## Friday, November 03, 2006

In “The Wages of Wins,” the authors determined that the correlation between payroll and wins was about 0.4. I interpreted that to mean that for every dollar a team spends on free agent signings, 40% of that money can be expected to translate into wins. But I was wrong – 40% is way too low.

Suppose 30 boys each have some marbles. They all have different numbers of marbles, collected over a childhood – some they got for their birthday, some were hand-me-downs from their siblings, some they found in the schoolyard. Some of the kids have only 10 marbles, but some have as many as 40.

Now, each boy is given \$2, and let loose in the toy store, where he can buy toy store marbles at 10 cents each. Some won’t buy any toy store marbles, while the ones who really like marbles might blow the entire \$2 and buy twenty of them.

Suppose that now, economists run a regression, to try to predict the number of marbles the child has based on how much he spent at the toy store. There is some correlation, because the kids who bought marbles will, obviously, tend to have more of them after the purchase. But the relationship isn’t perfect, because the original distribution of marbles was pretty much random. So they might get a correlation coefficient of, say, 0.4.

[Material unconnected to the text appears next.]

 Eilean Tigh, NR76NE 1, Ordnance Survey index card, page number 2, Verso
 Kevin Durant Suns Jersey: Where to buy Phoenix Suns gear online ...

They conclude that such a small correlation means that “money can’t buy marbles.”

But that’s wrong, or course. Money can, with certainty, buy marbles, at the rate of 10 cents each. While the correlation between the money you spend and the marbles you *have* is 0.4, the correlation between the money you spend and the marbles you *buy* is 1.0.

Because some of the marbles arrived from sources other than money, they act as random noise in the regression. They make it appear, at first, that money only buys marbles at a 40% rate, when, really, the rate is 100%.

You probably see where this is going.

The boys are baseball teams. The marbles are wins. The toy store marbles are wins from signing free agents. And the legacy marbles the boys had are players not yet eligible for free agency.

The new argument goes something like this:

Team payroll is highly correlated with player ability only in the case of free agents. For young players, and non-free-agent players, salary is based more on years of experience than on performance – and besides, those salaries are very small compared to the amount of money spent on free agents. For instance, Albert Pujols made only \$700,000 in 2003 not because that’s all he was worth, but because he was only in his second major-league season.

It turns out that the correlation between team payroll and wins is 0.4. But the correlation between non-free-agent payroll and wins is probably close to zero. Therefore, to make the overall correlation between payroll and wins rise to 0.4, the correlation between free-agent payroll and wins must be significantly higher than 0.4. That is:

Non-free-agent correlation .................. 0
Free-agent correlation ...................... x

------------------------------------------------
Overall “average” correlation .............. 0.4

X must be way higher than 0.4 for this to work. (A naive estimate might be 0.8, which is probably too high. But it’s got to be higher than 0.4.)

So, of course money can buy wins. Not with a correlation of 1.0 like for marbles – marbles, of course, don’t get injured or have off years. But, yes, if you spend a bunch of money on free agents, you’re going to improve your team substantially, more substantially than the 0.4 of the simple regression suggests.

Labels:

At Friday, November 03, 2006 10:30:00 PM,  Phil Birnbaum said...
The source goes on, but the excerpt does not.